What happens when patches fail?

The future of patch.com remains unclear, alarming and lamentable.

The website specializing in local news delivered online — lajollapatch.com and imperialbeach.com for example — announced last week it would be shutting down hundreds of sites and firing a commensurate number of employees.

On the whole, the approach was a bit too relaxed and stingy for my liking, seeming to rely more on “citizen journalists,” inexperienced freelancers and bloggers to produce a feature-heavy product rather than one providing a constant stream of hard news.

Often it seemed that anorexic skeleton crews were asked to do too much too quickly with too little in resources and support.

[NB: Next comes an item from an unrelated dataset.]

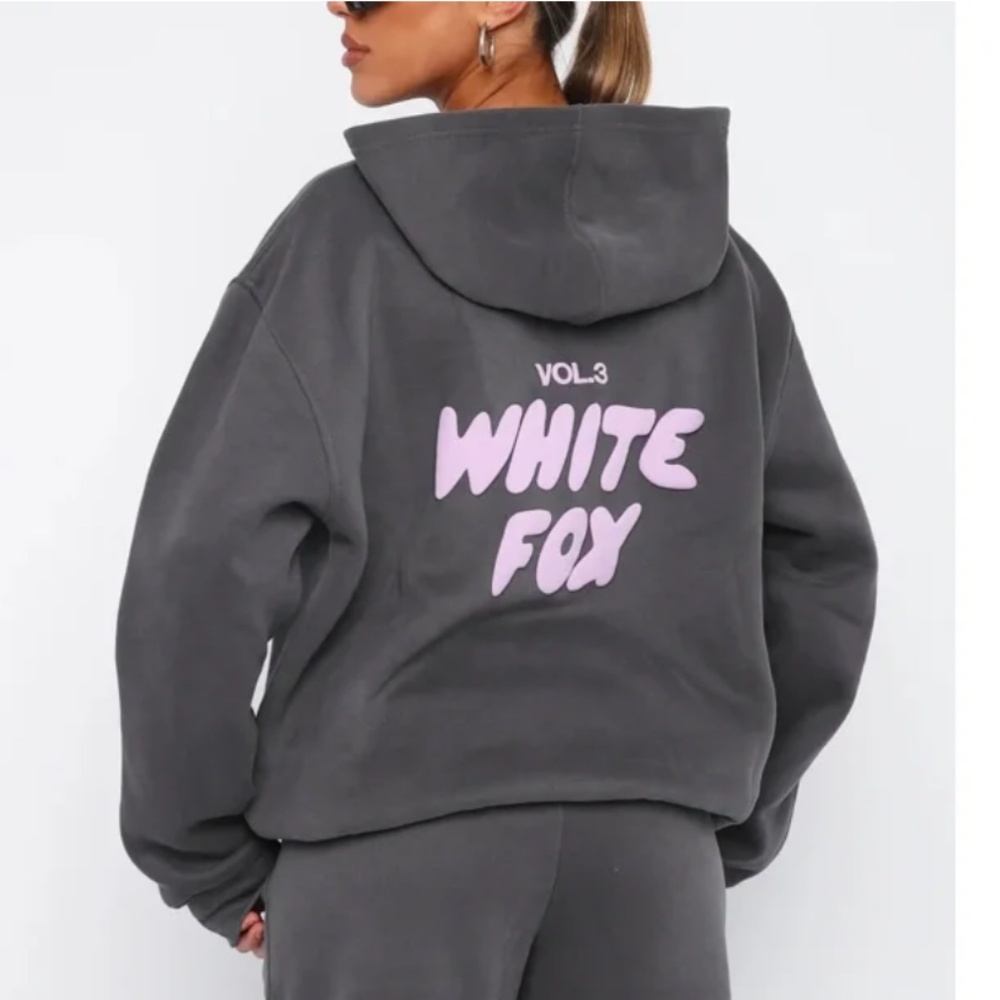 Printed letter hoodie and sweatpants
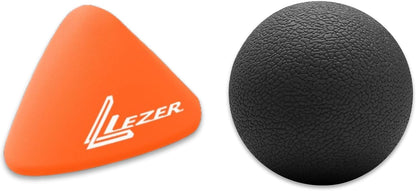 LEZER Trigger Massage Point, Manual Massage Ball, Muscle Knots Relief Tool, Myofascial Release, Physical Therapy, Deep Tissue Back Massage, Plantar Fasciitis, 2.9 in x 2.1 in (Blue)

In short, the website appeared to be following the same path that countless newspapers have travelled in the last decade.

Nevertheless, the patch sites served a purpose and they provided a niche following with information they wanted.

Even though the overall product was too warm and fuzzy for my liking, when rumor of a Chula Vista Patch floated around a year or two ago, it was exciting. Chula Vista would benefit from having an additional source of information.
Competition among news outlets benefits readers. As each organization attempts to cover a story differently or examine an issue its counterpart missed, residents of a given community reap the rewards.

A variety of stories offers a smorgasbord of information and perspectives which, in theory anyway, creates the potential for a better informed citizenry and a better society. (Lofty, naive ideals, I know.)

As it stands now, the media coverage of Chula Vista — and National City — is minimal.

At The Star-News we do what we can with the limited resources we have. And on the surface, so does the local daily — though it wasn’t that long ago the “big” paper in town had separate staffs dedicated to covering National City and

Chula Vista and local schools and crime. Today, not so much.

Chula Vista Patch never materialized — though who knows, maybe it will if other local offices are consolidated — and the closest outlet is the one dedicated to Imperial Beach. Chula Vista residents won’t likely be affected if the IB site is mothballed.

But overall, the South County community will suffer. A region benefits when more — not fewer — spotlights are trained on the mundane events in life, the city hall meetings, the school board happenings and even the little league games.